- What the task requires
Up to and including the line that contains "with child Asian", write out every line of the entries exactly, beginning with the first. Omit the pictures.

[Extracted information]

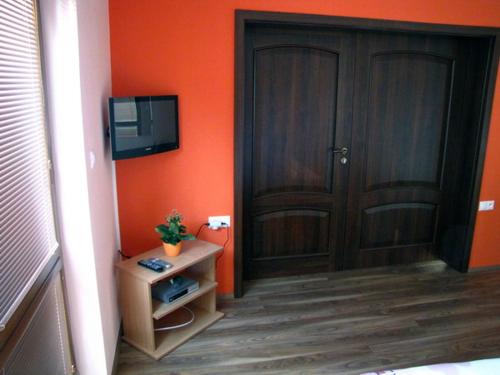 an orange room with a door and a tv at Motorest Eso in Vlčkovce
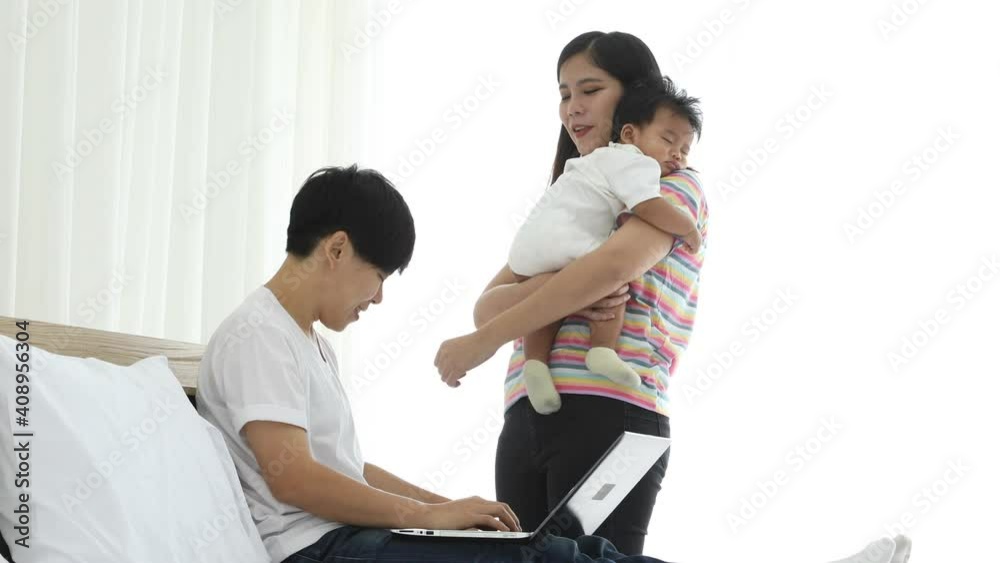 Asian lesbian couple discuss and order online shopping for little baby boy. Happy LGBT family with child Asian lesbian couple discuss and order online shopping for little baby boy. Happy LGBT family with child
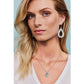 Model wearing Brighton silver-plated teardrop earrings with dotted texture paired with a matching round pendant necklace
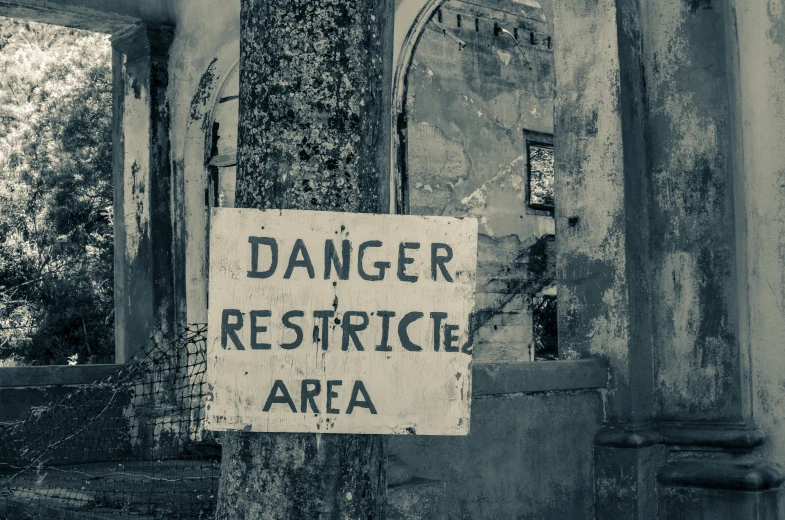 a sign on a pole reads danger restricted area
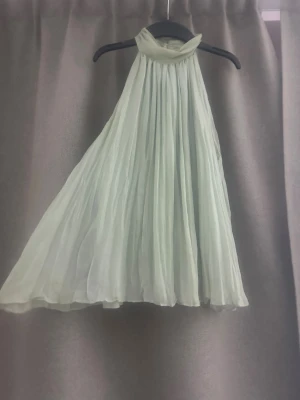 Ljusgrön blus i chiffong - Superfin ljusgrön blus i luftig chiffong med plisserad design och hög hals. Blusen är ärmlös och har en flowy, A-linjeformad siluett som ger en riktigt drömmig känsla. Perfekt för dig som vill sticka ut med en elegant och fräsch look.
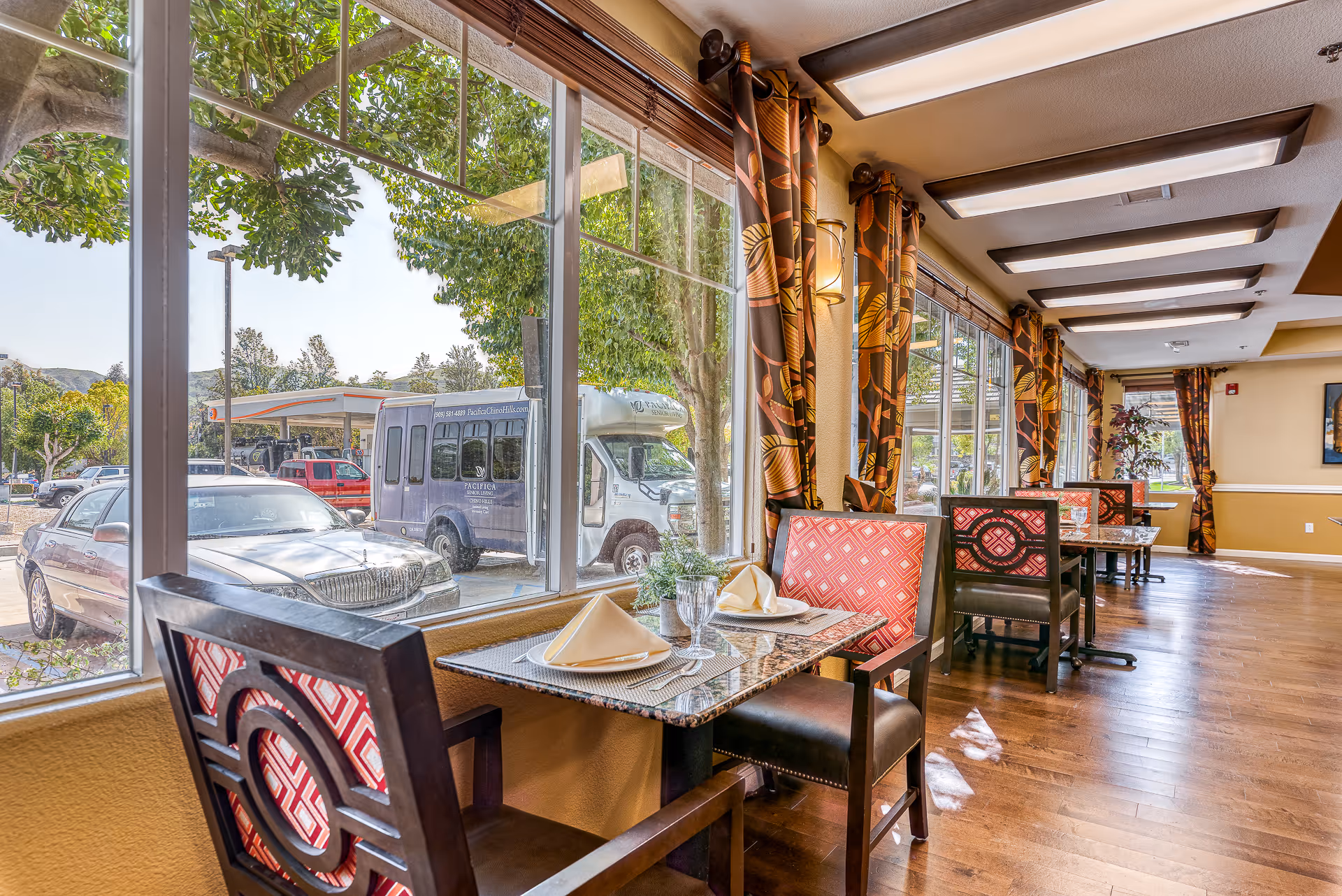 Dining area with tables and chairs set near large windows showing a parking lot outside. Tables have place settings with napkins and glassware. The room has wooden floors, patterned curtains, and ceiling lights.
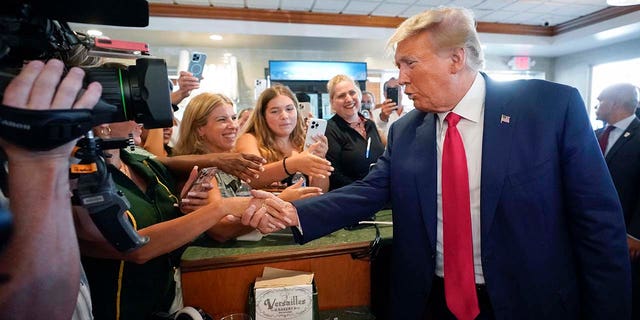 Donald Trump greets supporters at Versailles restaurant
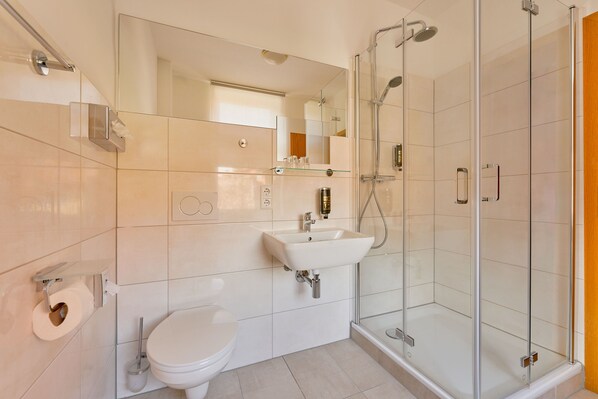Un baño moderno con inodoro, lavamanos y ducha con mampara de vidrio.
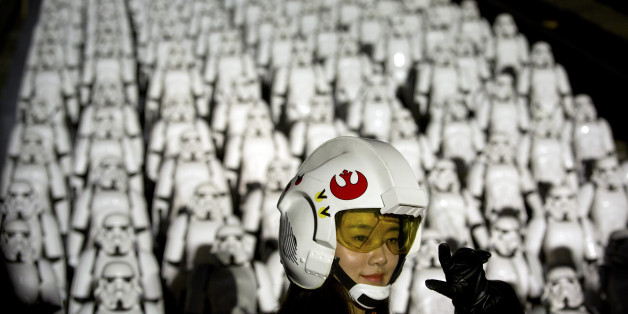A Chinese Star Wars fan dressed in costume poses for a photo in front of hundreds of miniature storm trooper figures placed atop the Juyongguan section of the Great Wall of China during a promotional event for the movie "Star Wars: The Force Awakens" outside of Beijing, Tuesday, Oct. 20, 2015. The film, the newest installment in the long-running Star Wars saga, opens in the U.S. in December. (AP Photo/Mark Schiefelbein)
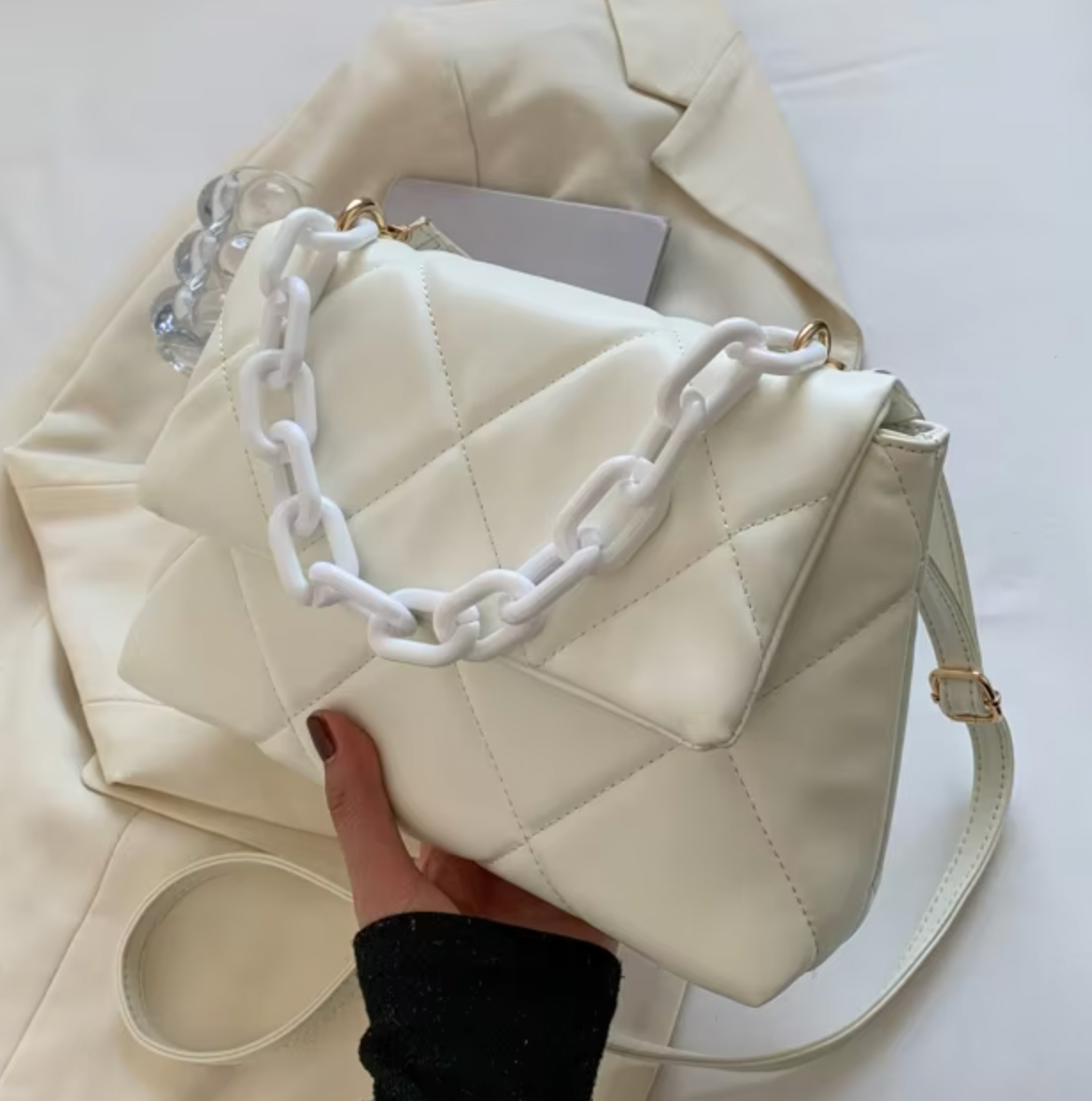 White fluffy quilted handbag with chunky plastic chain and adjustable shoulder strap on beige fabric background.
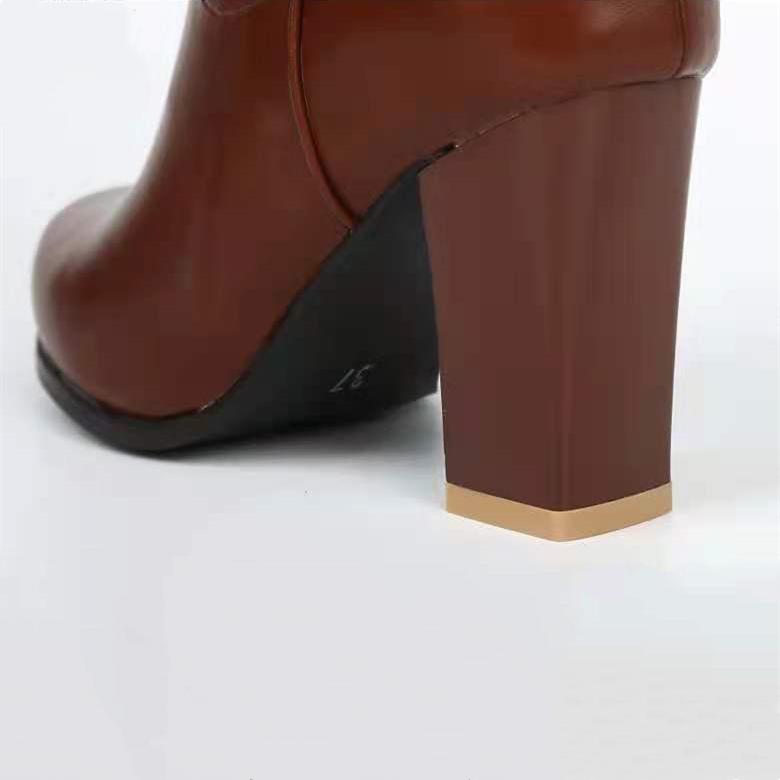 Brown chunky high heel knee high dress boots
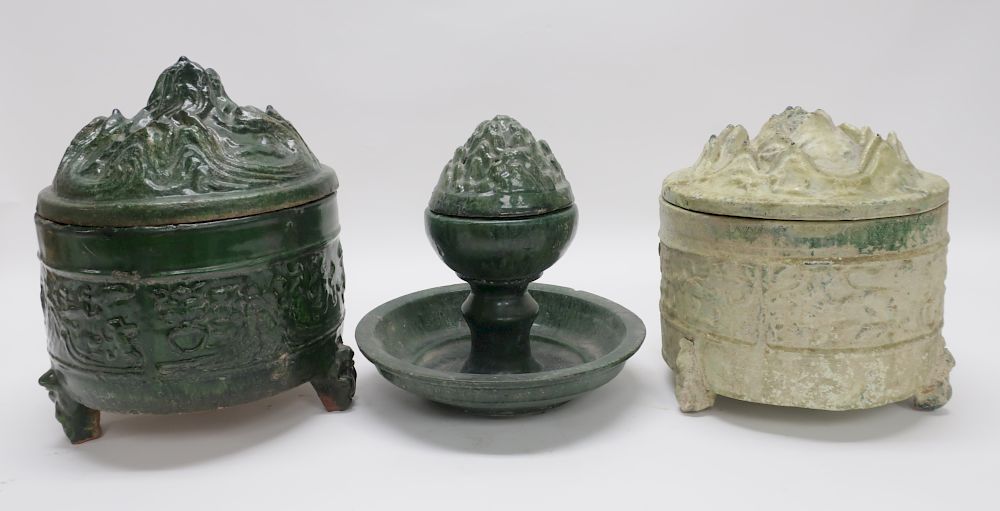 Appraisal: Three Han Boshan Vessels Two mingqi boshan lidded tripod containers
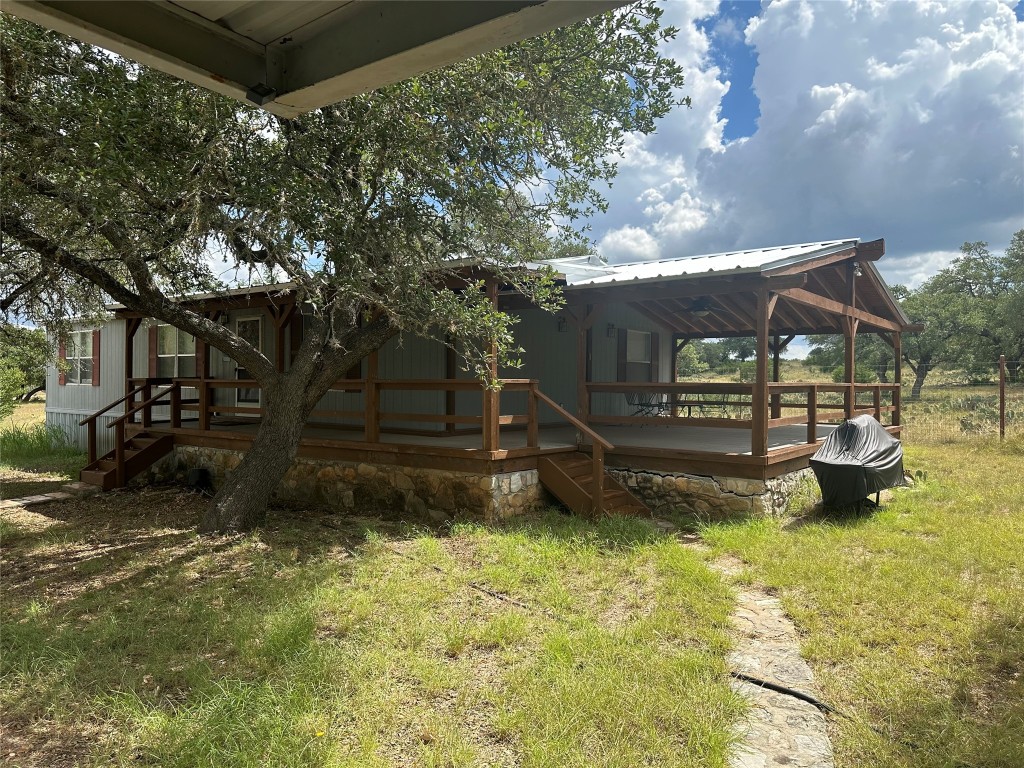 564 Cherry Springs Road Hunt, TX 78024 - Photo 9 of 29 a view of a backyard with a garden
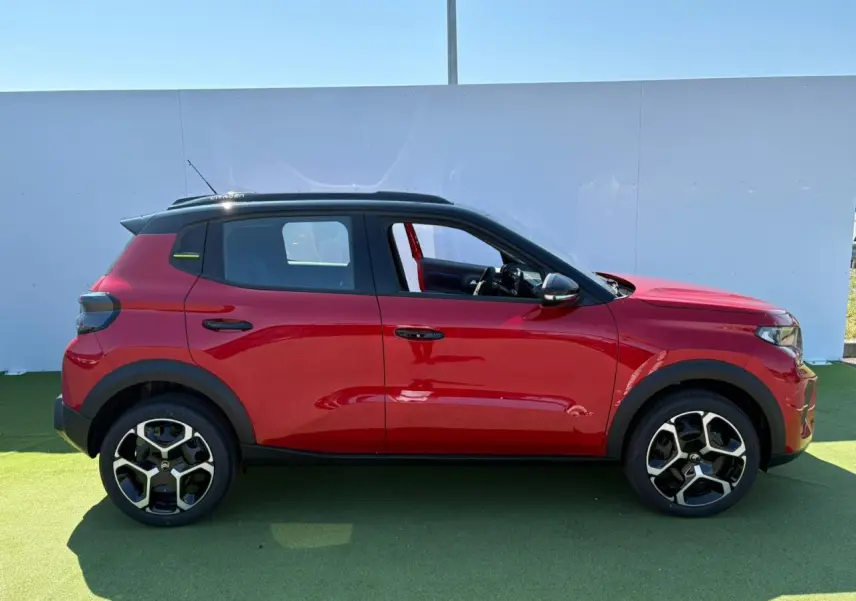 Profil côté gauche d'une Citroën C3 2025 rouge Elixir avec toit noir et jantes 17 pouces AZURITE.
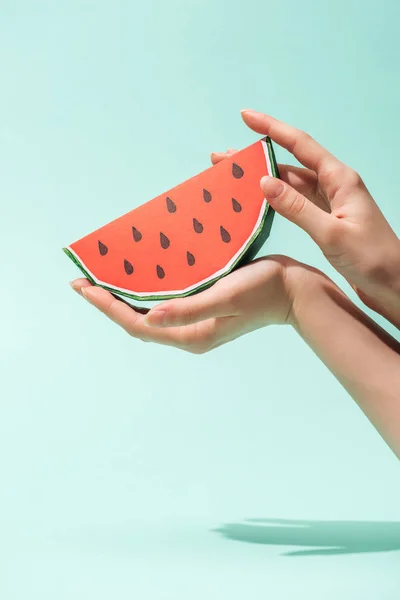 Abgeschnittene Ansicht einer jungen Frau, die Papierwassermelone mit Samen auf Türkis hält — Stockfoto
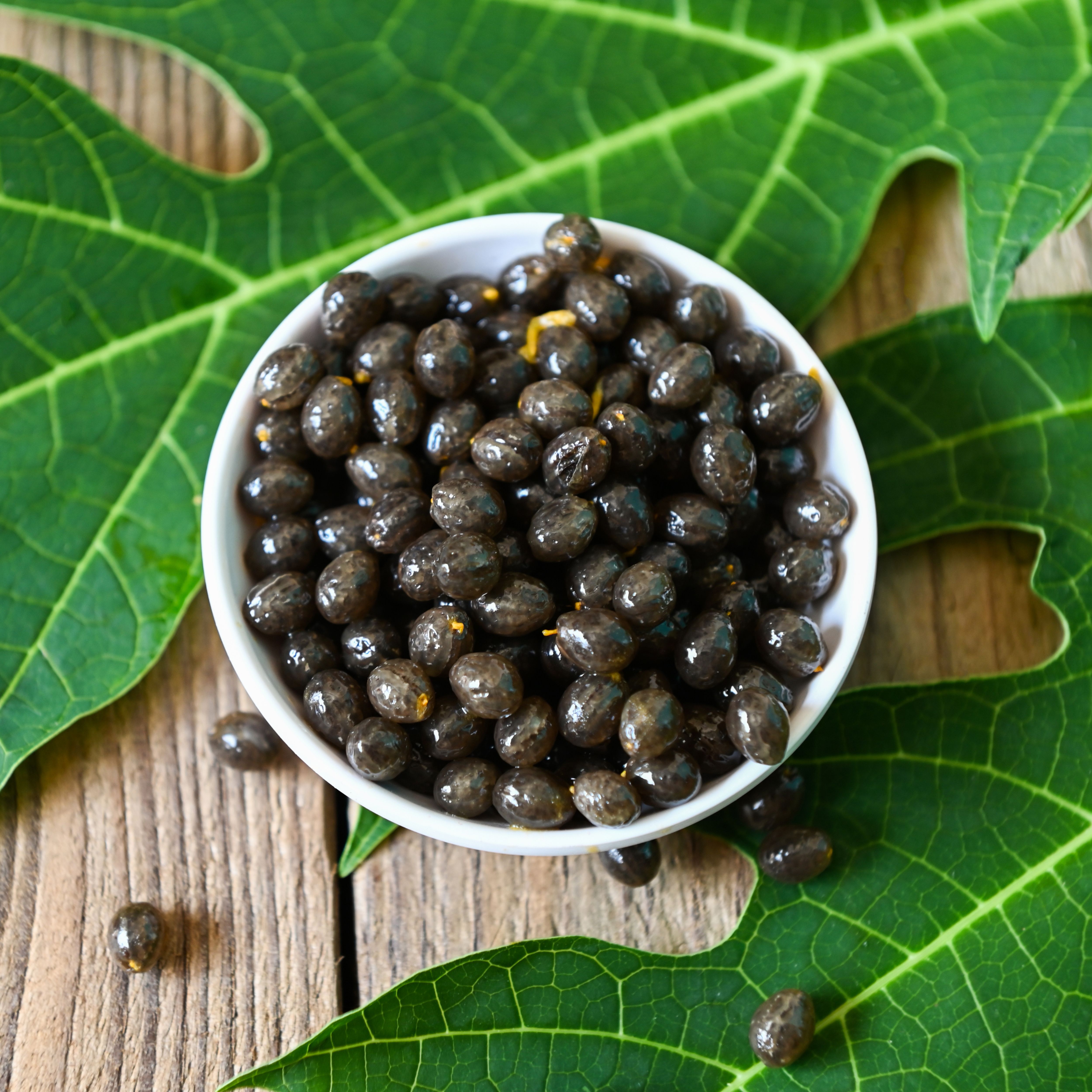 papaya seeds in a bowl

[/Extracted information]

- Completed task
 an orange room with a door and a tv at Motorest Eso in Vlčkovce
 Asian lesbian couple discuss and order online shopping for little baby boy. Happy LGBT family with child Asian lesbian couple discuss and order online shopping for little baby boy. Happy LGBT family with child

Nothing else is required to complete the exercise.